Re: Some issues with planner and query optimization

From
Richard Huxton
Date:
Boguk Maxim wrote:
> Postgres 8.1
> Sample test table:
> (all queries done on fresh vacuumed analyzed table with statistics on
> rub_id and news_dtime set to 1000)
> (all table in memory and server do not doing anything other)
>
> media=> \d test_table
>               Table "public.test_table"

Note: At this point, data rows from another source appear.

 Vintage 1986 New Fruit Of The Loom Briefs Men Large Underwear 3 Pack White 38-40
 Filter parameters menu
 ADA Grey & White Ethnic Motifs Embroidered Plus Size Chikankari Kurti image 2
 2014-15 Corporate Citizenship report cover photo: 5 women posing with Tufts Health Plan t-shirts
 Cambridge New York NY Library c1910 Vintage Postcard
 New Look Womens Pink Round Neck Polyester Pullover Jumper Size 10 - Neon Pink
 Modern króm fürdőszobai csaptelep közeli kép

>    Column   |            Type             | Modifiers
> ------------+-----------------------------+-----------
>  id         | integer                     |
>  rub_id     | integer                     |
>  news_id    | integer                     |
>  news_dtime | timestamp without time zone |
> Indexes:
>     "test_table_pk" UNIQUE, btree (id)
>     "test_table_main_idx" btree (rub_id, news_dtime)
>
> media=> select count(*) from test_table;
>   count
> ---------
>  5834463
> media=> select count(distinct rub_id) from test_table;
>  count
> -------
>    342
>
> Now doing 3 simple query:
>
> First:
> media=> EXPLAIN ANALYZE select * from test_table where rub_id IN (5)

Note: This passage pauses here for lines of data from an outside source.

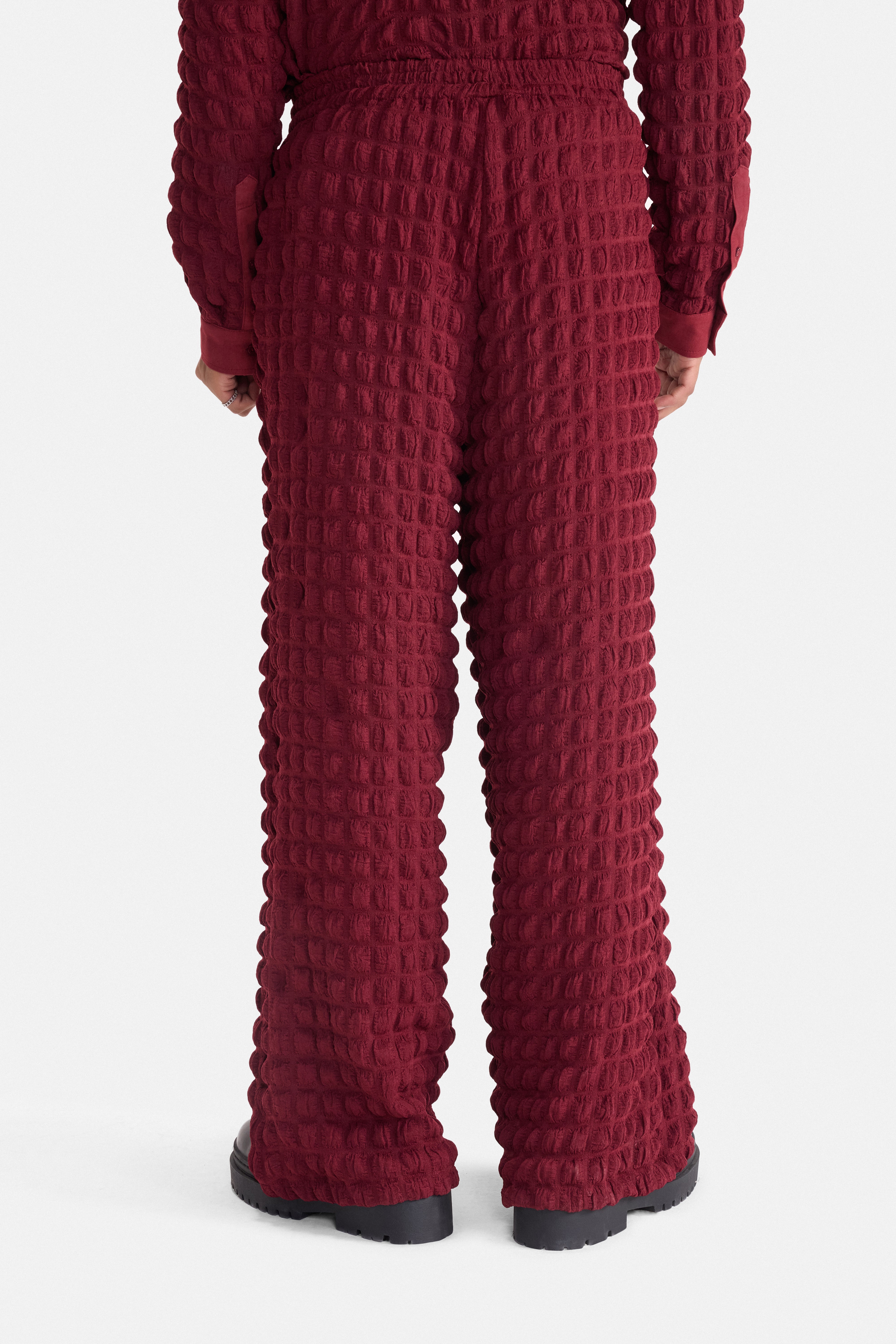 PURE CHAOS – Maroon Stretch Waffle Pants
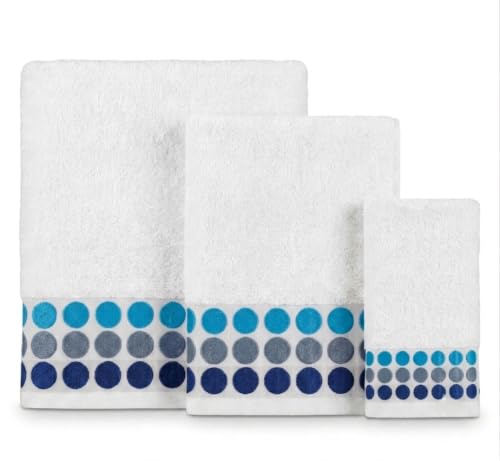 Juego de Toallas de baño 3 Piezas   Super Oferta  Algodón 100% 350 grms Modelo Bolas, Azul Fuerte   Azul Claro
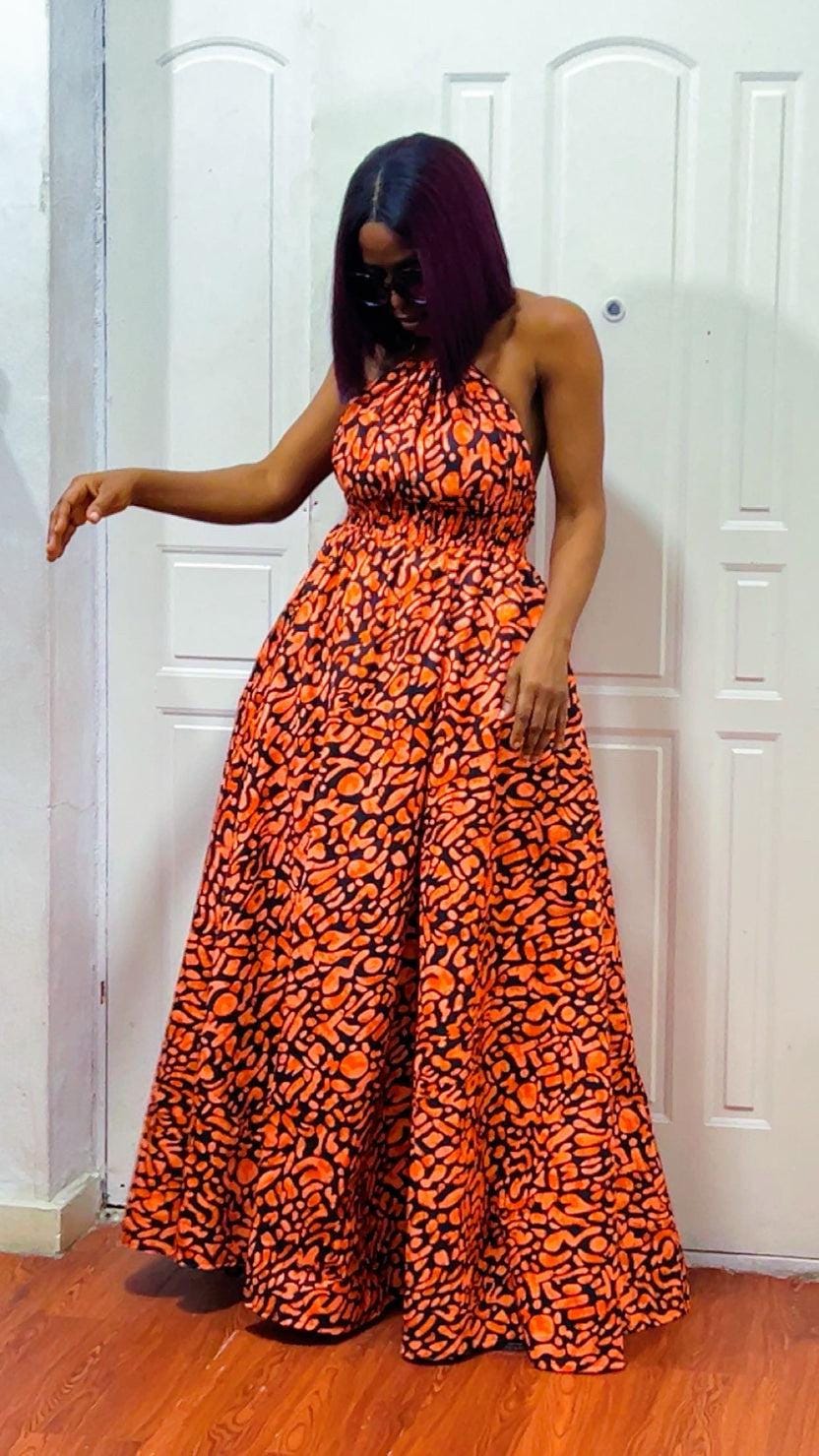 African Print Maxi Dress: Long boho Dress, Versatile rust -Color Gown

> order by news_dtime limit 20;
>                                                                    QUERY
> PLAN
> ------------------------------------------------------------------------
> ------------------------------------------------------------------------
>  Limit  (cost=0.00..10.73 rows=20 width=20) (actual time=0.018..0.121
> rows=20 loops=1)
>    ->  Index Scan using test_table_main_idx on test_table
> (cost=0.00..29758.11 rows=55447 width=20) (actual time=0.014..0.054
> rows=20 loops=1)
>          Index Cond: (rub_id = 5)
>  Total runtime: 0.186 ms
>
> Second (almost same but with rub_id 8):
> media=> EXPLAIN ANALYZE select * from test_table where rub_id IN (8)

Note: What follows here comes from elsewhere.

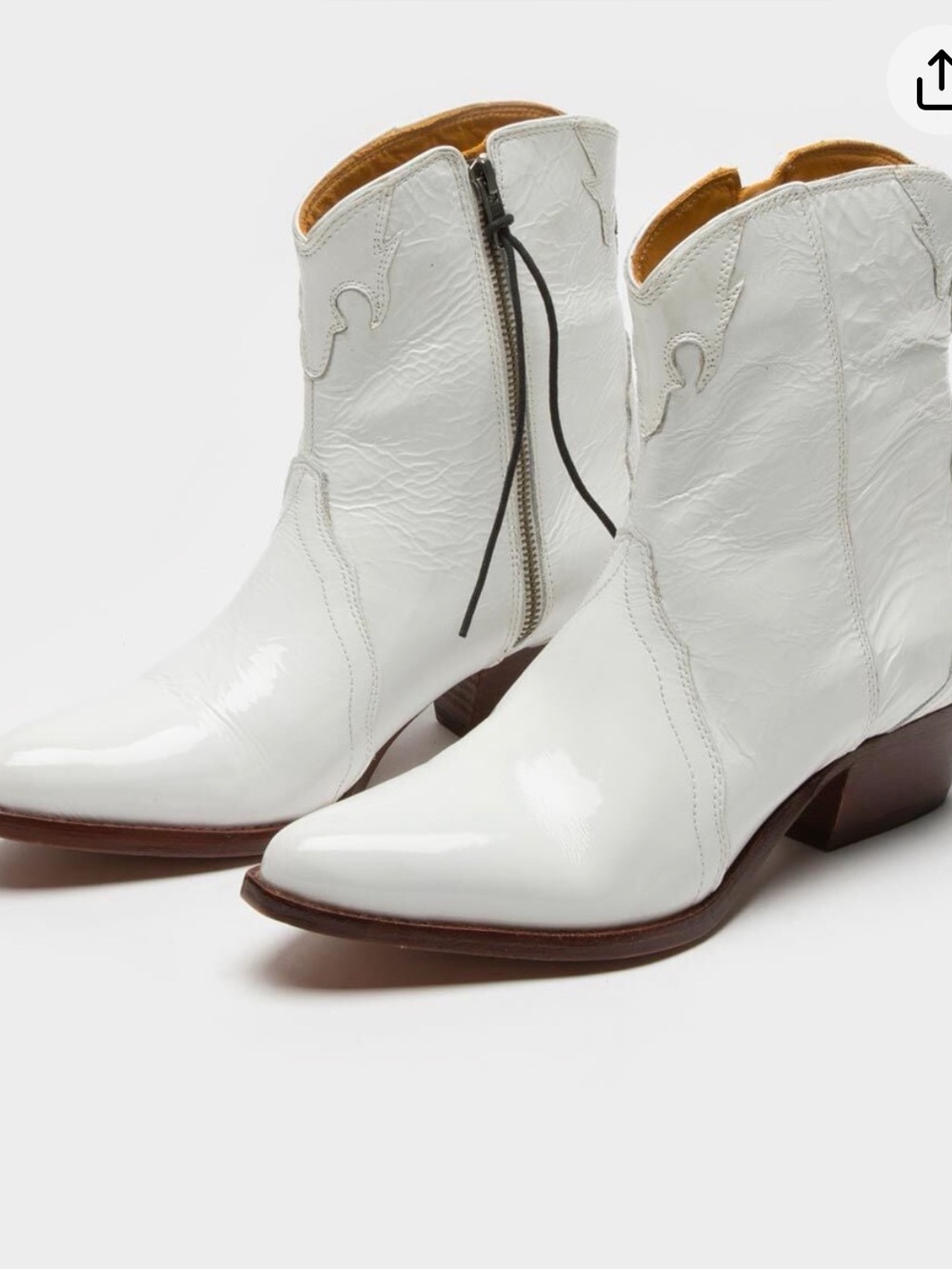 Free People Women's White Patent Leather Western Ankle Boots size 8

> order by news_dtime limit 20;
>                                                                    QUERY
> PLAN
> ------------------------------------------------------------------------
> ------------------------------------------------------------------------
> -
>  Limit  (cost=0.00..1.98 rows=20 width=20) (actual time=0.019..0.121
> rows=20 loops=1)
>    ->  Index Scan using test_table_main_idx on test_table
> (cost=0.00..45976.37 rows=463684 width=20) (actual time=0.014..0.054
> rows=20 loops=1)
>          Index Cond: (rub_id = 8)
>  Total runtime: 0.186 ms
>
>
> Now try with rub_id IN (5,8) (I was assumed query will work 2-10 time
> longer max... With almost same plan)
> But i'm got bad plan/really slow query:
>
> media=> EXPLAIN ANALYZE select * from test_table where rub_id IN (5,8)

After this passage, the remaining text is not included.